No matter how you slice it, the most effective form of communication to this day between managers and their employees involves one-on-one meetings done in person.  

I know what you're thinking: "How am I going to find the time for this? That's what email, Slack, and texting are for!"

I hear you. The good news is that we're not talking about the kind of obligatory meetings in sterile conference rooms that neither party wants to be in. (I'm looking at you, dreaded annual performance review.)

No, as you'll soon see, these meetings don't even require that you schedule one-hour blocks two weeks in advance. They may only take 10 minutes, maybe 15, at most.

Here's the thing. One-on-one meetings become timesavers when used on a recurring basis, but you need to know how to structure them so they work to your advantage.

Here's how to pull these off with ease and great success:

1. The manager schedules each meeting.

As I said earlier, one-on-ones don't have to be longer than 10 or 15 minutes. The shorter the better. But the key? It's the manager who sets the meeting date and time. That shows you, the manager, have an interest in your people, and it tests your follow-through and commitment to your employee.

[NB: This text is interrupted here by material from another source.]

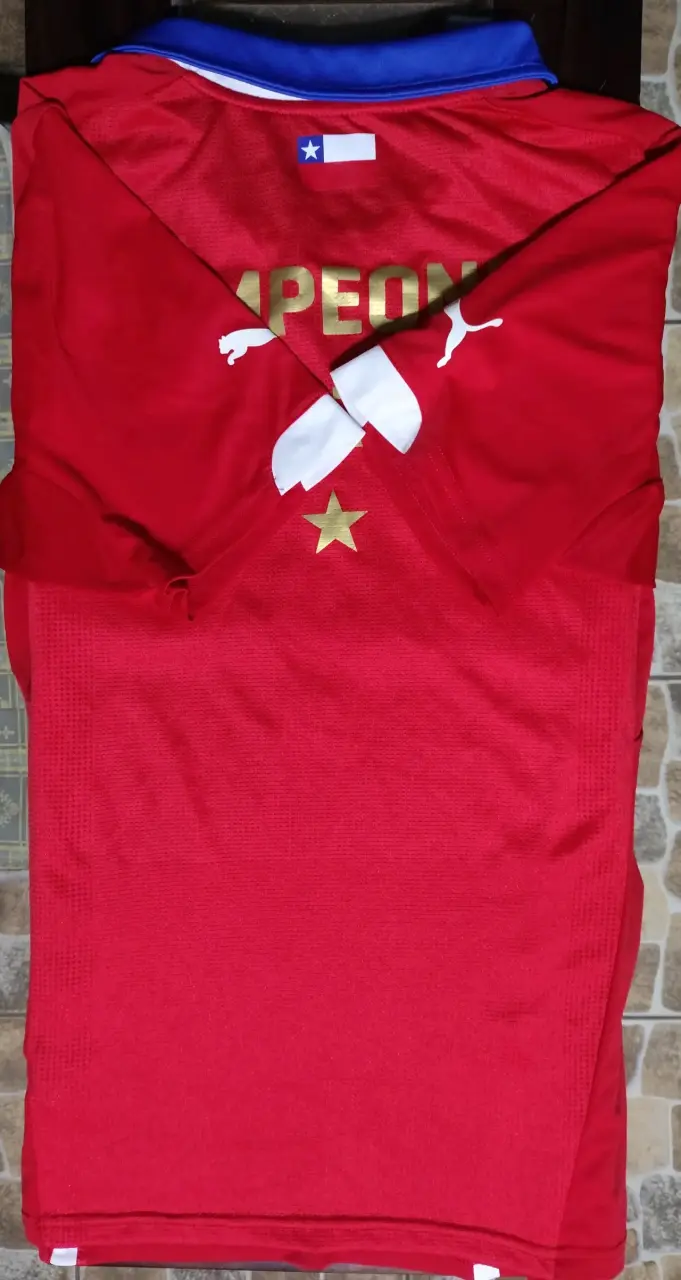 Camiseta Roja Chile Campeones 2015 Puma - 4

2. The employee provides the agenda.

The point of these meetings is to empower your employees. This means you task them with providing you with the agenda. Why? Because it puts the focus on them and pushes the responsibility on them to tell you, the manager, what they need to address and what they want to talk about. As hard as it may be for you, lay hubris aside and let your employees drive the meeting by giving you the agenda.

3. Schedule weekly or bimonthly meetings.

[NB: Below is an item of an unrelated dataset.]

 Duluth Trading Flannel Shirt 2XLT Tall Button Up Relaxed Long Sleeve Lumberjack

Depending on each employee's workload or level of responsibility (senior staff will require less meeting frequency) and the number of employees you have (this obviously won't work if you have 50 people reporting to you. But if that's the case, why do you have 50 people reporting to you?), try to meet weekly, but use your best judgment. Most employees, once they understand that the meeting is for their benefit and that it won't take a huge chunk out of their work schedule, will welcome it.

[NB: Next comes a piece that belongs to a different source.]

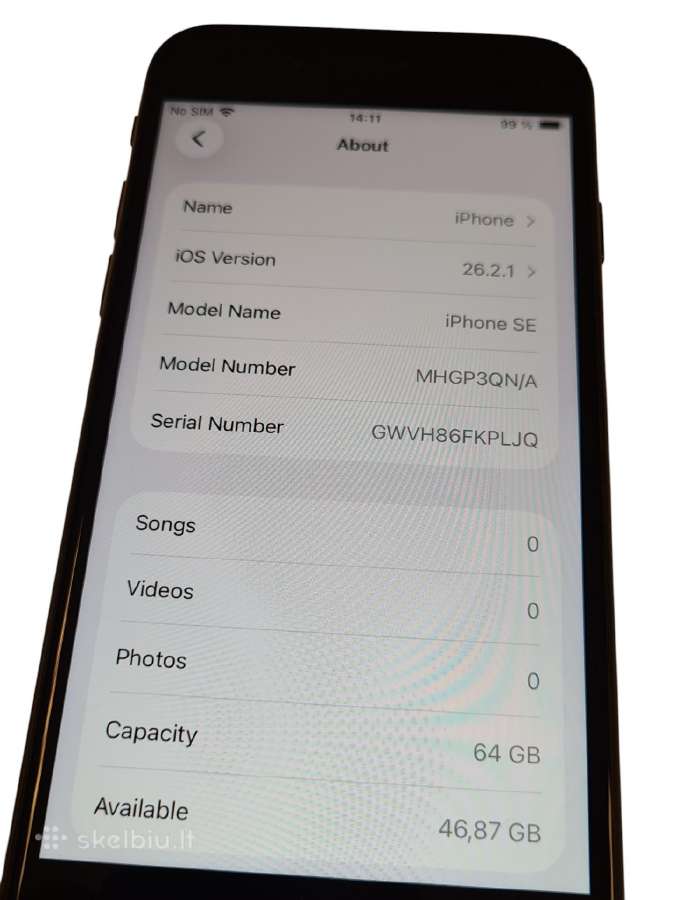 iPhone Se (2020) 64gb + 3 mėn. garantija - nuotraukos Nr. 4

4. Put the focus on the employee.

Managers should always ask if there's anything else that needs to be addressed, and if employees have everything they need. Then managers can communicate their part in the meeting -- setting new expectations; giving good news and bad news; affirming or changing direction; providing feedback to keep performance at a high level; and giving praise and recognition.

5. Finally, emphasize commitment to the big picture.

Both parties need to demonstrate commitment to the process and show that they value these meetings for better collaboration and engagement. Before a meeting is over, verbally agree and acknowledge to each other that you're on the same page with direction and next steps. Managers, especially, need to show initiative by continuously communicating the vision, reinforcing the organizational values, and getting buy-in and commitment to a task, project, role, or goal in every meeting.